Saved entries
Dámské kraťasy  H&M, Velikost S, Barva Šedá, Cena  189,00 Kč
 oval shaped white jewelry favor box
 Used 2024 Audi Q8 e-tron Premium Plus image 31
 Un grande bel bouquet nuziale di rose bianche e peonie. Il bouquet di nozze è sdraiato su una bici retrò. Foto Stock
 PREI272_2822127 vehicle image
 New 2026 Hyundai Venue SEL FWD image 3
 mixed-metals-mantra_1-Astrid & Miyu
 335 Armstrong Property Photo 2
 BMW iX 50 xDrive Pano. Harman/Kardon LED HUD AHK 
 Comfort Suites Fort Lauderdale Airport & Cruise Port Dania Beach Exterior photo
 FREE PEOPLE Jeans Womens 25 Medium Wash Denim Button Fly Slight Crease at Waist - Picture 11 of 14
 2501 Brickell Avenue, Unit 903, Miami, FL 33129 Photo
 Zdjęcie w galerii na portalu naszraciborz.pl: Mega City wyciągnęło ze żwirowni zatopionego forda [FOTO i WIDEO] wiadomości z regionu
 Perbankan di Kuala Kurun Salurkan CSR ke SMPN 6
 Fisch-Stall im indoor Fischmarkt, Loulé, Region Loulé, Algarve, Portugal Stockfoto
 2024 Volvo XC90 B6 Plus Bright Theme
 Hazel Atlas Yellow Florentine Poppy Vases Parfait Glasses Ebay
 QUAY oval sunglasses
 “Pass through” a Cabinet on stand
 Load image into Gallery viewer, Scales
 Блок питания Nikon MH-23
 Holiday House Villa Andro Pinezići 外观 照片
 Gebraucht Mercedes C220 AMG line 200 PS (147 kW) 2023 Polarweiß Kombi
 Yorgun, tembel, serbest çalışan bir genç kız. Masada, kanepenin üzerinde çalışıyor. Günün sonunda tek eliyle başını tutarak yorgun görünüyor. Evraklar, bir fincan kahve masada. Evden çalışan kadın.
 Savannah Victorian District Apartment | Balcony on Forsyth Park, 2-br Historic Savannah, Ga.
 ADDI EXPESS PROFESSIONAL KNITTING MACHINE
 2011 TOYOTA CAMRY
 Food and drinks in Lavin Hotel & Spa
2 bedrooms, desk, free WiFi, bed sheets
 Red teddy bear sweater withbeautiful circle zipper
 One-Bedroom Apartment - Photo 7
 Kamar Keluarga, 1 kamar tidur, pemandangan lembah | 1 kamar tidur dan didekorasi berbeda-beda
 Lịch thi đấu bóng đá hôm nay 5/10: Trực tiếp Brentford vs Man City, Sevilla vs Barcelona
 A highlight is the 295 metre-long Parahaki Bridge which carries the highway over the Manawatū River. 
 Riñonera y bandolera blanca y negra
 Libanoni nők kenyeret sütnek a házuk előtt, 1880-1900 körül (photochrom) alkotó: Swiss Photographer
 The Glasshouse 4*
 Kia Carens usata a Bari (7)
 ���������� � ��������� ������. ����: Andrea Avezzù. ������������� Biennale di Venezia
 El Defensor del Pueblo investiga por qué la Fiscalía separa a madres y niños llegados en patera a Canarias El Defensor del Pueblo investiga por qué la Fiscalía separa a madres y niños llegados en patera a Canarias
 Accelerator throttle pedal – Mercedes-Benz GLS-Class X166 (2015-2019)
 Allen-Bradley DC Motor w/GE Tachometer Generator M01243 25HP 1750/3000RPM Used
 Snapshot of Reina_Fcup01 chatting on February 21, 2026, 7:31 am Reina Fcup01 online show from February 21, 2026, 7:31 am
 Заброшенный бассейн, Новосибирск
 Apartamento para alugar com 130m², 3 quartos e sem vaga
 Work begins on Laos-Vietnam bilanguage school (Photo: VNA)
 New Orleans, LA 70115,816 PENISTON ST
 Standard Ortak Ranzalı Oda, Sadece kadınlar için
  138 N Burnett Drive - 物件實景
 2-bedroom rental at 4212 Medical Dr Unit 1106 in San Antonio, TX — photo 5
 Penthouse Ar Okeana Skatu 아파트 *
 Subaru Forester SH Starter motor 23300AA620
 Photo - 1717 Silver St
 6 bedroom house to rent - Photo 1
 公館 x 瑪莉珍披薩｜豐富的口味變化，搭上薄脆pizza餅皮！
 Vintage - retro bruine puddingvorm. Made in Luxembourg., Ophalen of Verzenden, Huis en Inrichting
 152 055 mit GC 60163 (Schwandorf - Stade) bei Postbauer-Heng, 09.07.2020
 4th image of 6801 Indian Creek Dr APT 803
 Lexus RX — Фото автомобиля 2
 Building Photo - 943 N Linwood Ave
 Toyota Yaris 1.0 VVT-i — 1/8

■ WHAT IS NEEDED: Return word for word the lines above from the line with "oval shaped white jewelry favor box" to the line with "FREE PEOPLE Jeans", including both and leaving out all others.

■ REPLY:
 oval shaped white jewelry favor box
 Used 2024 Audi Q8 e-tron Premium Plus image 31
 Un grande bel bouquet nuziale di rose bianche e peonie. Il bouquet di nozze è sdraiato su una bici retrò. Foto Stock
 PREI272_2822127 vehicle image
 New 2026 Hyundai Venue SEL FWD image 3
 mixed-metals-mantra_1-Astrid & Miyu
 335 Armstrong Property Photo 2
 BMW iX 50 xDrive Pano. Harman/Kardon LED HUD AHK 
 Comfort Suites Fort Lauderdale Airport & Cruise Port Dania Beach Exterior photo
 FREE PEOPLE Jeans Womens 25 Medium Wash Denim Button Fly Slight Crease at Waist - Picture 11 of 14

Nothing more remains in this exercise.